(Web page caption snippets)

· · · ·

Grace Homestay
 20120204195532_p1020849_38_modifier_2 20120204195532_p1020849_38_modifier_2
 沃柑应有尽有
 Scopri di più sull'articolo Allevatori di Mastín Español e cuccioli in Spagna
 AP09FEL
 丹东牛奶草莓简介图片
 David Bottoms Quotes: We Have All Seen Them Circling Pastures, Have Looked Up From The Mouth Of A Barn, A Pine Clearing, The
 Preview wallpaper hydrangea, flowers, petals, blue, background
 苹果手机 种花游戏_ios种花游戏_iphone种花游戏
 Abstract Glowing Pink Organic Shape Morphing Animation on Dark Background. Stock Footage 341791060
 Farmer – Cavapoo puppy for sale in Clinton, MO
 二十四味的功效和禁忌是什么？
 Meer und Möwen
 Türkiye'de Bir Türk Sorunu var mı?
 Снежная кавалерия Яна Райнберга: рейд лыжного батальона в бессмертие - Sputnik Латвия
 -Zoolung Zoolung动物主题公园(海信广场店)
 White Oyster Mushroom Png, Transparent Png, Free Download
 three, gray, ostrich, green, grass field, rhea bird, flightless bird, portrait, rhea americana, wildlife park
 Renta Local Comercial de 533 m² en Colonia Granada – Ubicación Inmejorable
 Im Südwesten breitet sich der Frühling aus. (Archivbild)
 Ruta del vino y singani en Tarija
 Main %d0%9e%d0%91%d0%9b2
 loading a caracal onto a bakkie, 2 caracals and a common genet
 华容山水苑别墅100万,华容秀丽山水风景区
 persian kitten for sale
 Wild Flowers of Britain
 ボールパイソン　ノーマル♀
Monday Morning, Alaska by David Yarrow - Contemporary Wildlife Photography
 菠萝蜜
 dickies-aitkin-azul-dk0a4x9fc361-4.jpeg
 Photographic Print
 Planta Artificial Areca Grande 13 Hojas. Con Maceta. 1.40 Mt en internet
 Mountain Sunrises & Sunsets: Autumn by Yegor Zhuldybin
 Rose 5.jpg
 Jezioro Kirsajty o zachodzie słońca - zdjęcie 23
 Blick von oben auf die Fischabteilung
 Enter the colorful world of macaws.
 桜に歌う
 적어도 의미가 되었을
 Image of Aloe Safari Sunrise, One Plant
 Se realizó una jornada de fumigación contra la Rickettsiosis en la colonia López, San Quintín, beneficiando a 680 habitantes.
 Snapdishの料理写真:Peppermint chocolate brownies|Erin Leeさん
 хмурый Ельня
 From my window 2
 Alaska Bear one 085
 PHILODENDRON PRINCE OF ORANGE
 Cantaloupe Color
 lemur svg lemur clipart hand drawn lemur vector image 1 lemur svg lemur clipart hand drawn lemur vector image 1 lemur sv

· · · ·

PROBLEM TO WORK ON »
If a line of the records contains the word "sale", count it; give only the total.

PROBLEM SOLUTION »
2